# Low temperature ?change thermostat



## jwphillips (Feb 12, 2015)

Just resurrected my classic after years of relative non-use. Coffee produced is warm but seems on the cool side. Boiler light goes on and off a few times but seems to be red and stable within a few minutes which seems suspiciously quick. I measured temp in a cup at 55C only.

I presume this is much too cool and I have a dodgy thermostat. Would this presumption seem reasonable? If so is changing the thermostat a reasonably easy job and where would I purchase one?


----------



## NJD1977 (Dec 16, 2014)

Very easy to change and cheap to buy off eBay. Take the 2 screws out around the water filler spout, whip the top plate off. The brew thermostat is the one in the side of the boiler not the top. Use a 17mm spanner to unscrew it after pulling the cable connectors off. Fit new one, reconnect cables and put lid back on remembering the earth to the lid.


----------



## MartinB (May 8, 2011)

I've more than likely got a spare. Feel free to PM me if you want.


----------



## MartinB (May 8, 2011)

Does it get up to temp for steaming?


----------



## urbanbumpkin (Jan 30, 2013)

How long have you left it on for before taking the temp?


----------



## Andy_C (Feb 4, 2015)

Is there not a more sensitive stat you could use so temp does not fluctuate so much. Not as costly as PID, surely worth it, if available.

Andy


----------



## jwphillips (Feb 12, 2015)

MartinB said:


> Does it get up to temp for steaming?


Steaming seems fine so I presume steam thermostat is fine. I had left machine to warm up for approx 15 mins before measuring temp.


----------



## urbanbumpkin (Jan 30, 2013)

jwphillips said:


> Steaming seems fine so I presume steam thermostat is fine.
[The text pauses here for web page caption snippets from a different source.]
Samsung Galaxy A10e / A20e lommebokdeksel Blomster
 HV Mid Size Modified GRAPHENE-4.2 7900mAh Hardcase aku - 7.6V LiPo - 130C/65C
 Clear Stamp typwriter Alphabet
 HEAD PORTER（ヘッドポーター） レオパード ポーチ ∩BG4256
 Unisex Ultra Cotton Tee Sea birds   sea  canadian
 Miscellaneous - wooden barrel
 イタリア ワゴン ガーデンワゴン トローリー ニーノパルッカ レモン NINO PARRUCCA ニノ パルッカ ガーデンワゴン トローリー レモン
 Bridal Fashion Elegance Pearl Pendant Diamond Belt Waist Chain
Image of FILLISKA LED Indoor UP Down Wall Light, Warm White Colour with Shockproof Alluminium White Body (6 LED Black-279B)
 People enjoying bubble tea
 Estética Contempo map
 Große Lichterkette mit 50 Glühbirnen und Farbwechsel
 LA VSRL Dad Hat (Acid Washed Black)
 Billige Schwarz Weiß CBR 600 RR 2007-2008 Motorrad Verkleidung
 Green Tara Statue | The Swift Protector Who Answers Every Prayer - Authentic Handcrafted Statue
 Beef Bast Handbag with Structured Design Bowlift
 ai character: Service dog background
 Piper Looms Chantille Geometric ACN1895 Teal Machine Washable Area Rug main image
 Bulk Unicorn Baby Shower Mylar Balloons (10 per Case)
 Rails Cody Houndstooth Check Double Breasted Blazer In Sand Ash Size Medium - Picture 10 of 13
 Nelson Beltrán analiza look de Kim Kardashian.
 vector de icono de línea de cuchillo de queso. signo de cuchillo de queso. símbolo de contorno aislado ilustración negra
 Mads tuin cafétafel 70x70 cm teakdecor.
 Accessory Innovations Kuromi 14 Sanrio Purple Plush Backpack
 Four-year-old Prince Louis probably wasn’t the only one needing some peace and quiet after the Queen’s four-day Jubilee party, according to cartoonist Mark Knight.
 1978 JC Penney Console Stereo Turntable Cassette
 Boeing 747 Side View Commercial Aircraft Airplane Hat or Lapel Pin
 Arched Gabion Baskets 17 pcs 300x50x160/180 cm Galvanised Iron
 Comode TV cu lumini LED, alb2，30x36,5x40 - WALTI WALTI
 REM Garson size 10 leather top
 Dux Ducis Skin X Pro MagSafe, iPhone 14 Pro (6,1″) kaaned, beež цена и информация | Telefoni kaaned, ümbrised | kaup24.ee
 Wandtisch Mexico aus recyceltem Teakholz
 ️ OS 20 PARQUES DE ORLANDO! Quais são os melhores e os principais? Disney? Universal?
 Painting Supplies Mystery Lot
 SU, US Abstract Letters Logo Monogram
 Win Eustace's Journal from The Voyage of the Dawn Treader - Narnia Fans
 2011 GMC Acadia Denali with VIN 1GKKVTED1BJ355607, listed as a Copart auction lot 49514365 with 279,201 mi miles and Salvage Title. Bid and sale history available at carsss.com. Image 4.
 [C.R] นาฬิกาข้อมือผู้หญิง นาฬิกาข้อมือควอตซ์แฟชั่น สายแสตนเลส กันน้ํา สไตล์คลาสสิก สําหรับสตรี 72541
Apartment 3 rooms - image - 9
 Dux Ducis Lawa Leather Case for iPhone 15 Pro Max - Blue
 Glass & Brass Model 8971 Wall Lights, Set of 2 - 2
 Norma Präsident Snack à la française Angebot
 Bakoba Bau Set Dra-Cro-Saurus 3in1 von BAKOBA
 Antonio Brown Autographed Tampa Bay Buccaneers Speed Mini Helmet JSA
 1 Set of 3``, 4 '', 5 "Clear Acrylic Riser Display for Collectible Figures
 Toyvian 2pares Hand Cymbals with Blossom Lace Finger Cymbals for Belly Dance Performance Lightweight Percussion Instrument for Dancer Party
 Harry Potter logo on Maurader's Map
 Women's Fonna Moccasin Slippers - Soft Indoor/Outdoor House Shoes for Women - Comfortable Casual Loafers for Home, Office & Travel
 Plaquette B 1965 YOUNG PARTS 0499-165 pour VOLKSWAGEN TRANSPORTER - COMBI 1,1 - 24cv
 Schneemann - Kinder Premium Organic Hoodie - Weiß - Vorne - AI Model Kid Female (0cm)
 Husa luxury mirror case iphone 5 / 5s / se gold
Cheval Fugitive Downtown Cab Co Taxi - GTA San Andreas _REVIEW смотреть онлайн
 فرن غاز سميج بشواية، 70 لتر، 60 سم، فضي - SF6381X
I had left machine to warm up for approx 15 mins before measuring temp.


Have you tried leaving it on for at least 30 mins and take the temp then?

Are you taking the temp using the styrofoam test.

Apologies if I'm trying to teach your granny to suck eggs but thought I'd rule everything out before you take spanners to your Classic.


----------



## jwphillips (Feb 12, 2015)

urbanbumpkin said:


> Have you tried leaving it on for at least 30 mins and take the temp then?
> 
> Are you taking the temp using the styrofoam test.
> 
> Apologies if I'm trying to teach your granny to suck eggs but thought I'd rule everything out before you take spanners to your Classic.


Not tried 30 mins yet but isn't that rather a long time to reasonably wait? Happy to be taught how to suck eggs - was using a jam thermometer!


----------



## urbanbumpkin (Jan 30, 2013)

Can seem like an eternity but I used to leave my Classic a min of 30 mins to warm up. My current HX 45mins.

If you scroll down on this guide it goes through a test you can do to determine the brew temp

http://www.coffeecrew.com/gear-equipment-coffee/learn-the-ways-of-the-bean/255-gaggia-classic-step-by-step


----------